■ TASK DIRECTIONS ■
Leave out the pictures and restate every entry word for word.

■ DATASET CONTENT ■
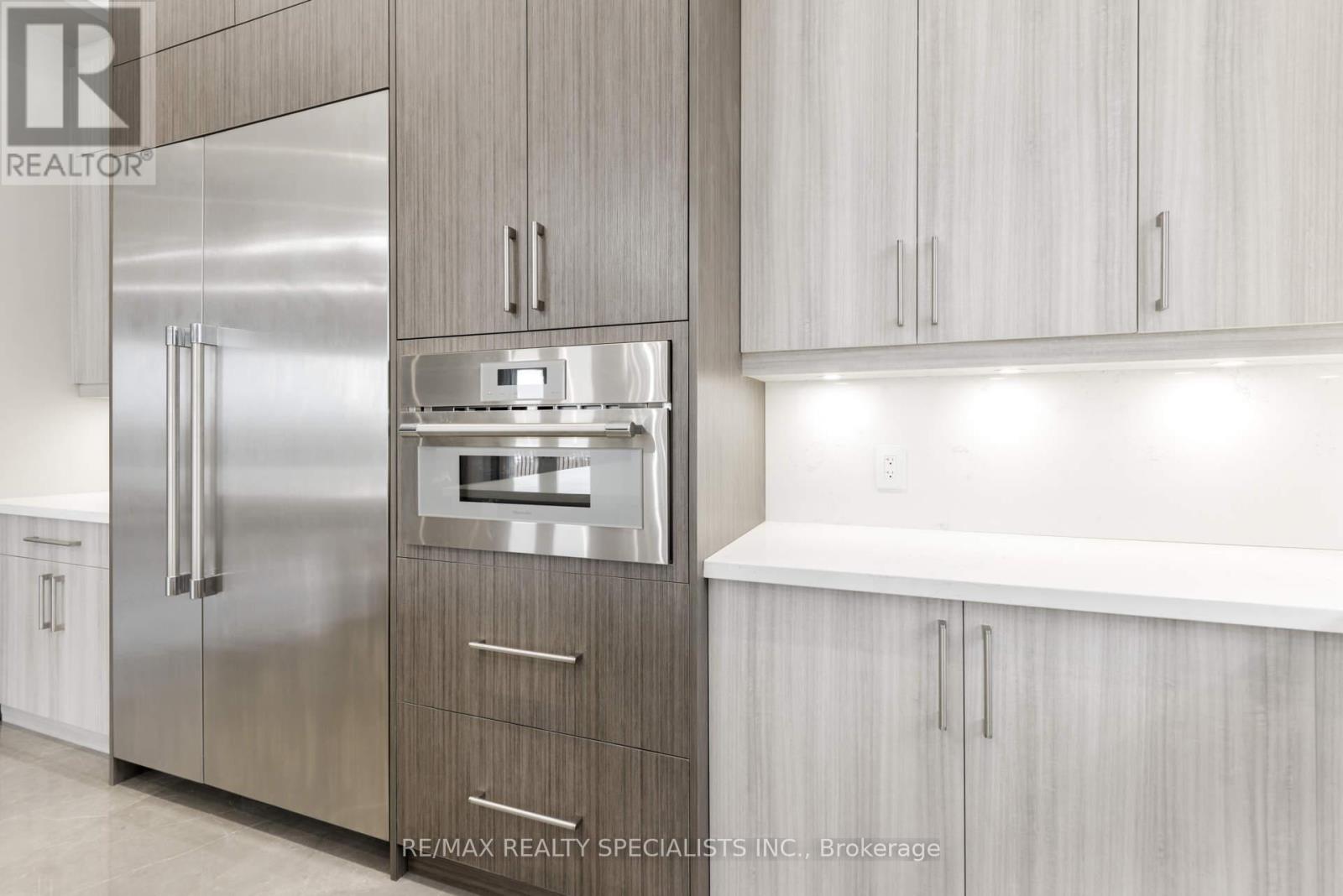 31 Ferrara Drive Property Photo 13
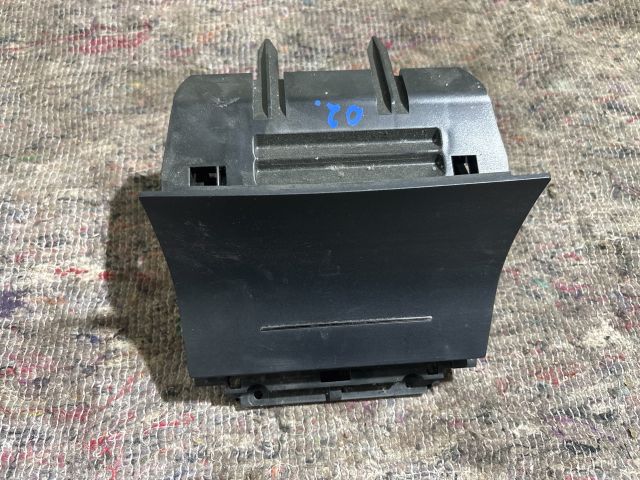 bontott SKODA OCTAVIA II Első Hamutartó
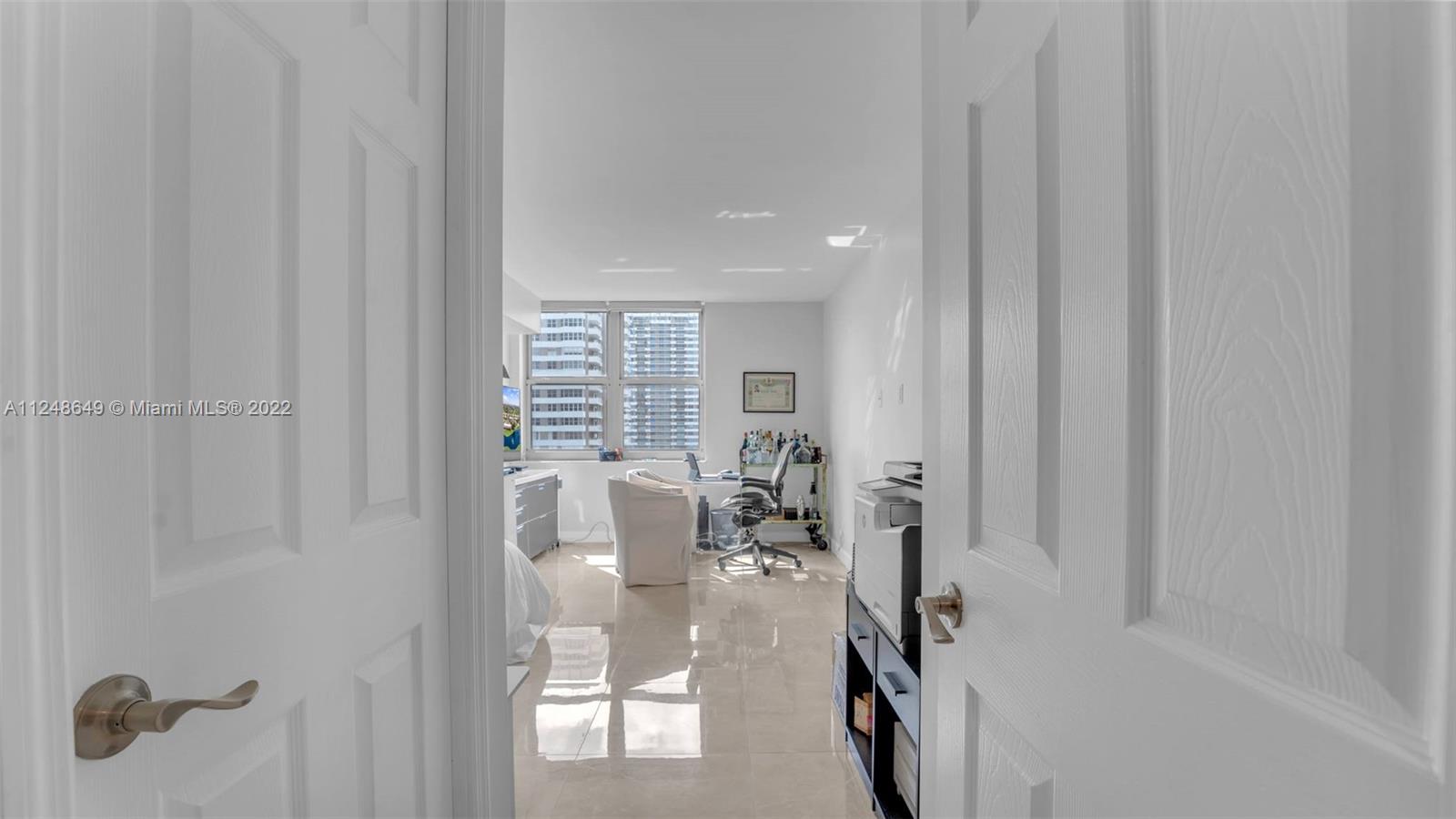 MALAGA TOWERS CONDO - Residential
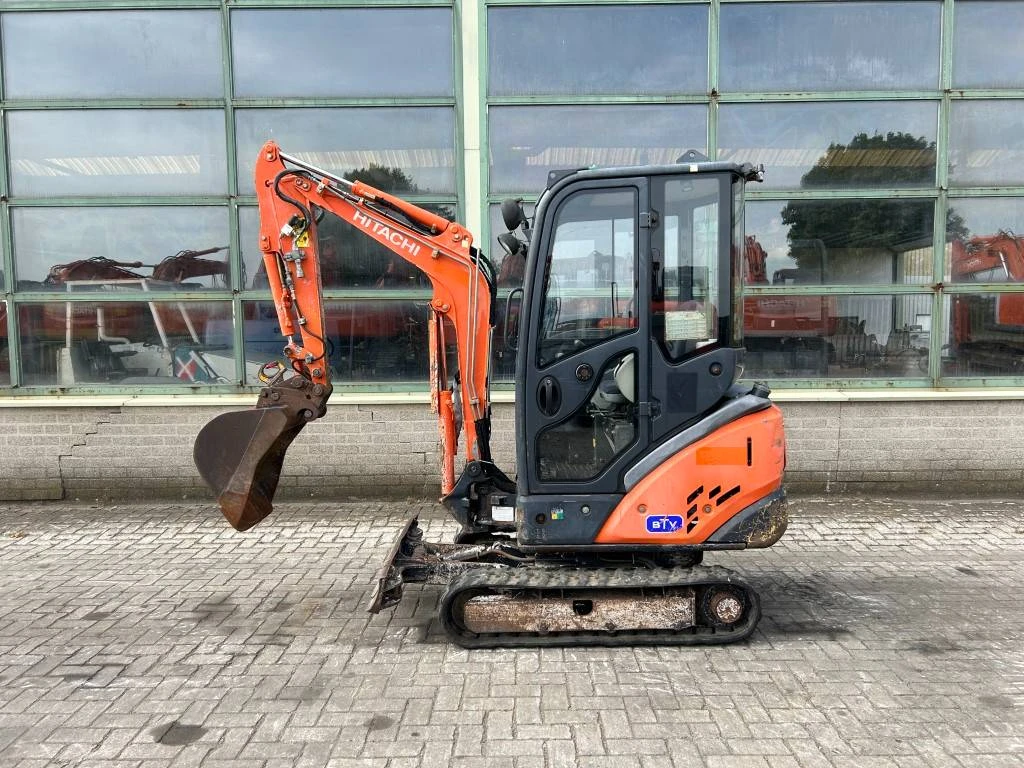 Hitachi 2011 - ZX 18-3 CLR image 1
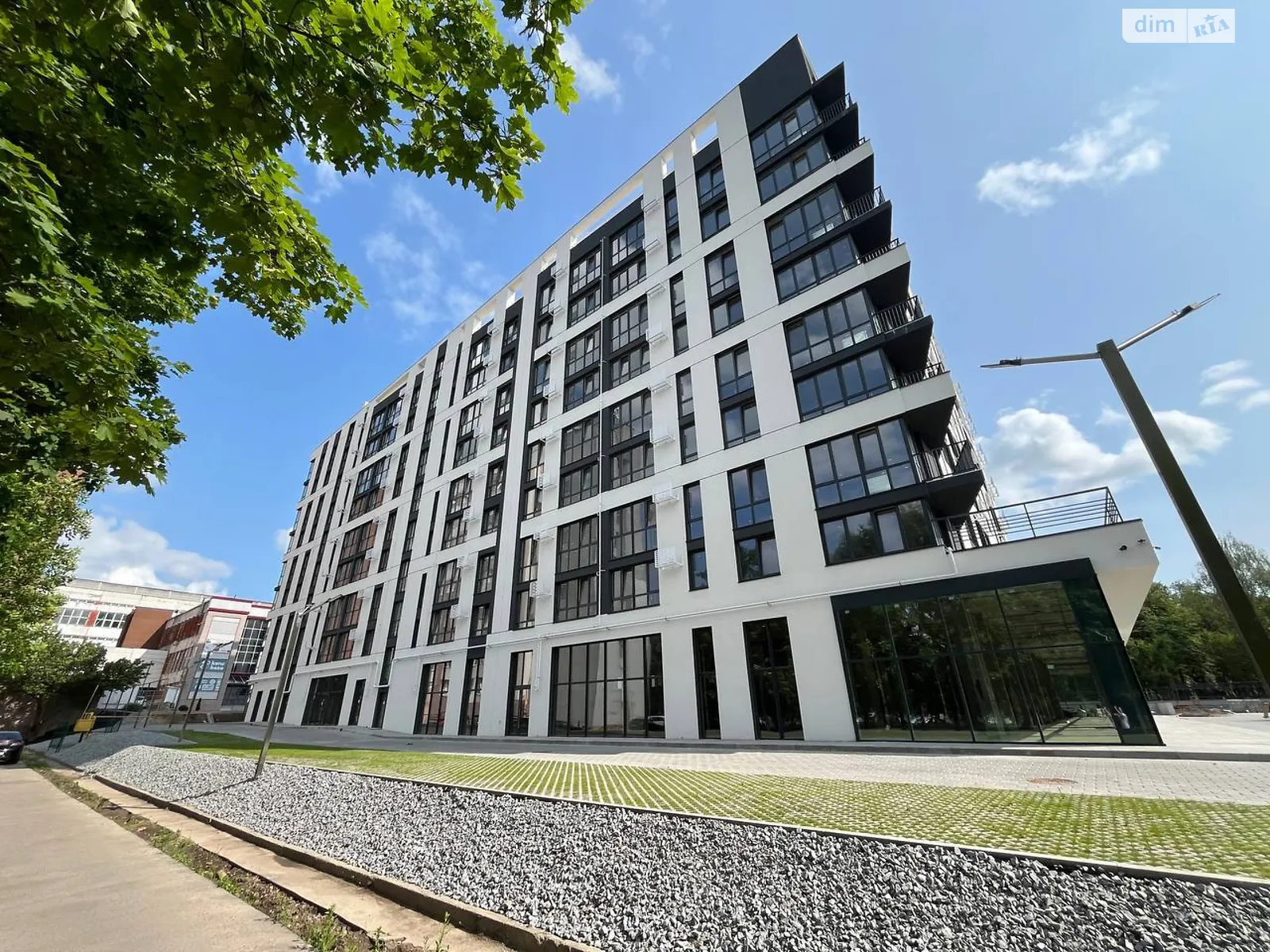 Продается 1-комнатная квартира 47 кв. м в Ровно, ул. Галицкого Данилы, 25 - фото 1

■ RESPONSE AREA ■
 31 Ferrara Drive Property Photo 13
 bontott SKODA OCTAVIA II Első Hamutartó
 MALAGA TOWERS CONDO - Residential
 Hitachi 2011 - ZX 18-3 CLR image 1
 Продается 1-комнатная квартира 47 кв. м в Ровно, ул. Галицкого Данилы, 25 - фото 1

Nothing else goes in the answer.